## Given entries
▬▬▬▬▬▬▬▬▬▬

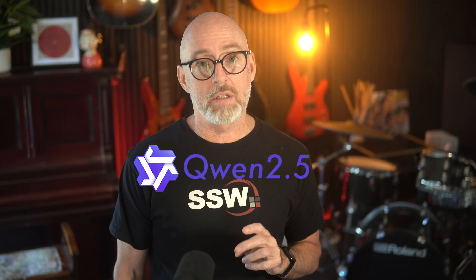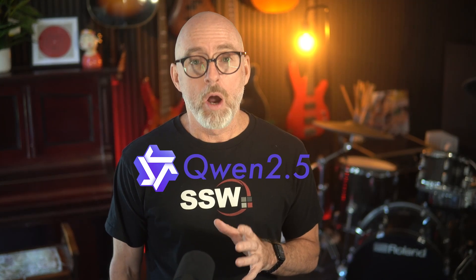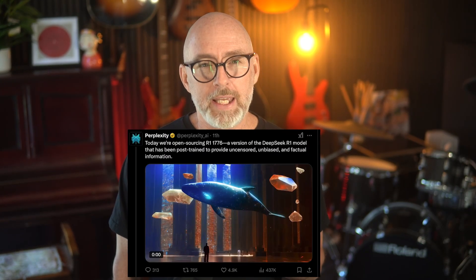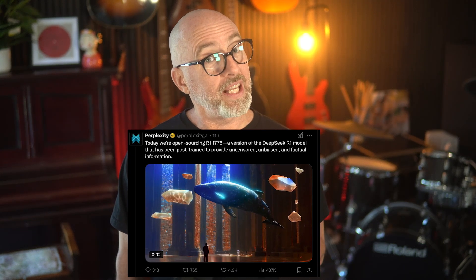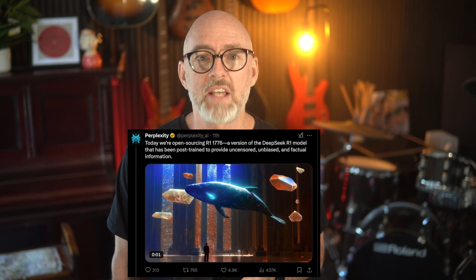Interestingly, a model called Quen 2.5 out of China's Alibaba is showing up more and more — it's a model that is improving itself, and others in the open source world are improving it. In the past day, I've seen Perplexity post on Hugging Face a version of DeepSeek. They post-train this model, removing some of the China-centric rules. It can be downloaded or used free as it's open source. But not all open source models are as open as you might think.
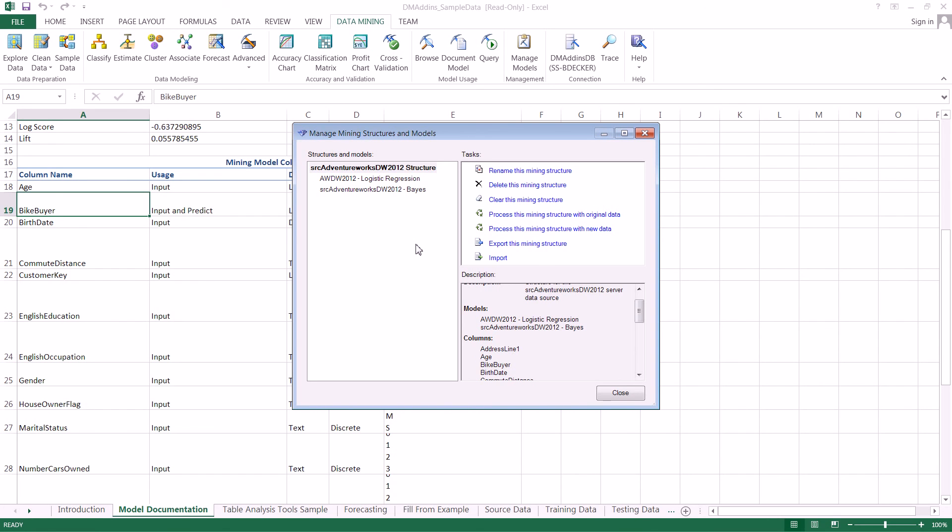That is how you browse, document, and manage your data mining models using the Microsoft Excel data mining add-in tools. Thank you very much.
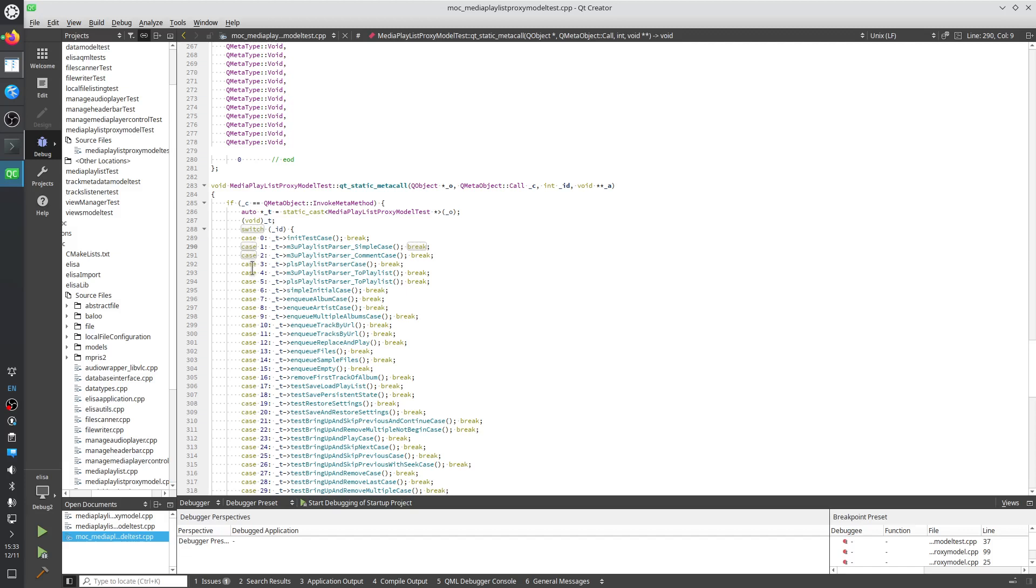So that's how I install Qt Creator, the IDE from the Qt project, on a Linux machine. Thank you.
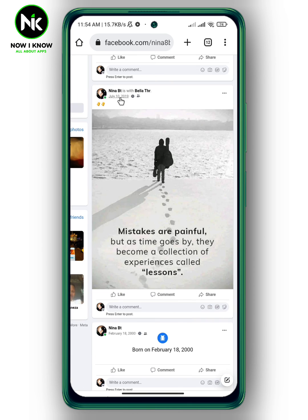And like that, the date has been changed successfully. This is how to change date on Facebook posts. Thanks for watching, see ya!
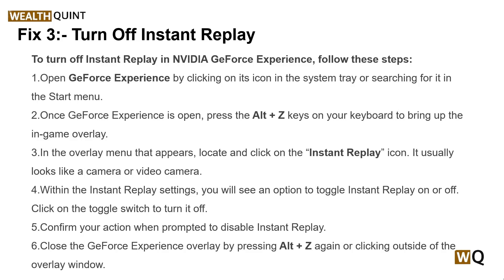Once GeForce Experience is open, press Alt+Z on your keyboard to bring up the in-game overlay. In the overlay menu that appears, locate and click on the Instant Replay icon — it usually looks like a camera or video camera icon. Within the Instant Replay settings, you will see an option to toggle Instant Replay on or off.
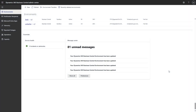Hi everyone. In today's episode of What's Cooking, we're going to have a look at early access preview sandbox environments. We have just released version 27.0 of Business Central, but you can already get a look at version 28.0.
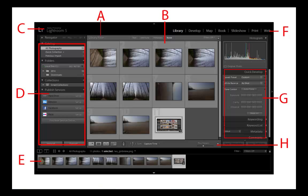Viewing and Organizing Photos in the Library Module. The library module is where you view, sort, manage, organize, compare, and rate the photos in your catalog. It's your home base for working with photos after importing them into Lightroom.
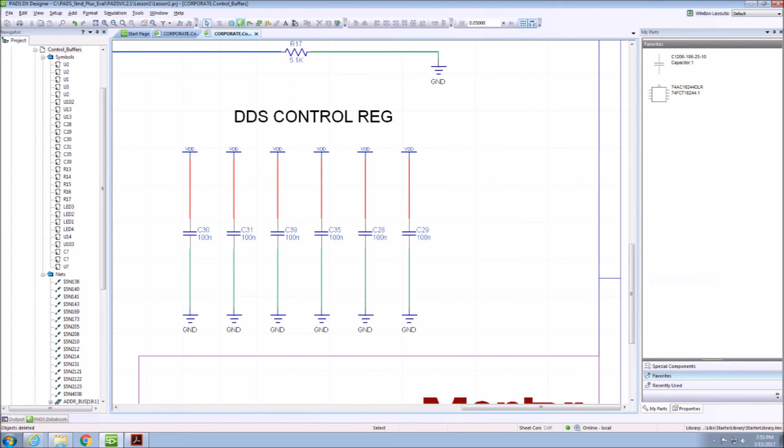These were some quick tips and tricks for DXDesigner. You'll find more information in the PADS Evaluation Guide.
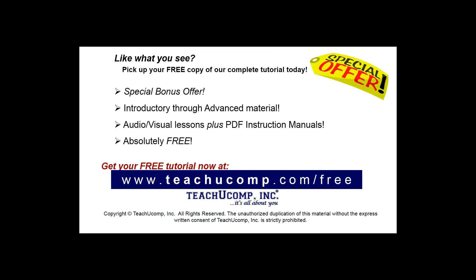Like what you see? Pick up your free copy of the complete tutorial at www.teachucomp.com/free.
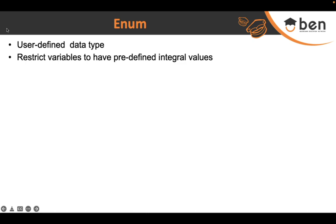It's like a role-based system where you can have multiple roles such as an admin role, a user role, a subordinate role, or an owner role. You only want a person to have a role specified from this predefined list itself.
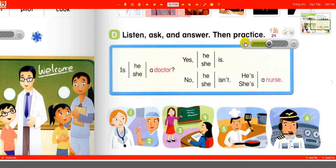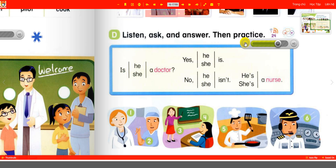Two: is he a doctor? No, he isn't — he's a nurse. Three: is he a teacher? Yes, he is. Four: is she a teacher? No, she isn't — she's a student. Five: is he a cook? Yes, he is. Six: is he a cook? No, he isn't — he's a pilot.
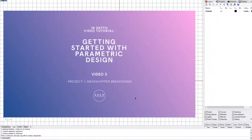Hey, what's going on everyone? My name is Gabriel from ArtLogbook. Today we are having the final video of the Getting Started with Parametric Design video series.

▬▬▬▬▬▬▬▬▬▬

## Activity
The range to copy runs from the line with "Two: is he a" to the last line of the entries, both included; copy it exactly and leave out the pictures.

## Result below
Two: is he a doctor? No, he isn't — he's a nurse. Three: is he a teacher? Yes, he is. Four: is she a teacher? No, she isn't — she's a student. Five: is he a cook? Yes, he is. Six: is he a cook? No, he isn't — he's a pilot.
Hey, what's going on everyone? My name is Gabriel from ArtLogbook. Today we are having the final video of the Getting Started with Parametric Design video series.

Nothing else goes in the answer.